EARL HENNING, PLAINTIFF,
v.
SUAREZ CORPORATION INDUSTRIES, INC. (IMPROPERLY PLED AS BIOTEC RESEARCH) DEFENDANT.



The opinion of the court was delivered by: Slomsky, J.

OPINION AND ORDER

I. INTRODUCTION

Before the Court is Defendant's Motion to Dismiss the Complaint Due to Improper Venue or, in the Alternative, to Transfer Venue to the United States District Court for the Middle District of Pennsylvania. (Doc. No. 4). On August 21, 2009, Plaintiff commenced this action in the Philadelphia Court of Common Pleas, alleging product liability claims against Defendant for injuries sustained while using a portable heater purchased from Defendant. (Not. Of Removal, Doc. No. 1, Pl.Compl., Ex. A, at 3-4 (hereinafter "Doc. No. 1-A")). In the Complaint, Plaintiff alleges that his injuries were caused by Defendant's negligence and carelessness, and that Defendant's actions constitute a breach of warranty and a violation of the Restatement of Torts (Second) § 402A & B. (Id., at 4)

On September 19, 2009, Defendant removed this action to this Court on the basis of diversity of citizenship jurisdiction. (Doc. No. 1). On October 14, 2009, Defendant filed the instant Motion to Dismiss or Transfer, and a Brief in Support of the Motion (hereinafter "Doc. No. 4"). On October 27, 2009, Plaintiff filed a Brief Contra Defendant's Motion to Dismiss or in the Alternative to Transfer Venue (hereinafter "Doc.
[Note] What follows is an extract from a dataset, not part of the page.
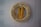 A beige life preserver ring with black text hangs on a light gray brick wall. Attached to the preserver is a coiled yellow rope. The text reads 'THERESA JEAN APTS. EMERGENCY ONLY.'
No. 6"). On November 3, 2009, Defendant filed a Reply Brief in Further Support of Motion (hereinafter "Doc. No. 7") with exhibits (Doc. No. 8 and 9).

On November 6, 2009, this Court entered an order permitting jurisdictional discovery. (Doc. No. 11). After four months of discovery, on March 1, 2010, Plaintiff filed a Supplemental Brief Contra Defendant Suarez Corporation's Motion to Dismiss/Transfer Venue (Doc. No. 19). On March 15, 2010, Defendant filed a Supplemental Brief in Further Support of Motion (Doc. No. 20) with exhibits (Doc. No. 21 & 22).

In the instant Motion, Defendant asserts that the Complaint should be dismissed pursuant to Fed. R. Civ. P. 12(b)(3) due to improper venue or, in the alternative, the case should be transferred pursuant to 28 U.S.C. § 1406(a) to the Middle District of Pennsylvania where venue would be proper. For the following reasons, the Court is persuaded that venue is not proper in the Eastern District of Pennsylvania (hereinafter "EDPA") and will transfer the action pursuant to 28 U.S.C. § 1406(a) to the Middle District of Pennsylvania.

II. SUMMARY OF THE FACTS

On January 29, 2009, Plaintiff was seated for several hours in a recliner chair in his home in White Haven, Pennsylvania, with his feet elevated near an EdenPURE Model 1000 Quartz Infrared Portable Heater. (Doc. No. 1-A, at 3-4). Plaintiff alleges that he suffered severe burns on his right foot and toes as a result of exposure to the heat generated by Defendant's defective heater. (Id.) Plaintiff purchased the heater from Defendant by telephone after viewing Defendant's internet advertising. (Id.; Doc. No. 6, at 2) Plaintiff had the heater shipped to his home in White Haven, which is located in Luzerne County, in the Middle District of Pennsylvania. (Doc. No. 1-A, at 3)

Defendant is an Ohio corporation with its principal place of business in Ohio. (Doc. No. 6, at 2). Defendant sells a variety of products through its websites and through authorized sales centers around the country. (Id. at 3). Consumers can also purchase Defendant's products by calling "800 numbers" listed in its television, radio, internet and print advertising. (Doc. No. 19, at 4). Defendant advertises its products on the internet, on television and radio and in the print media. (Id.)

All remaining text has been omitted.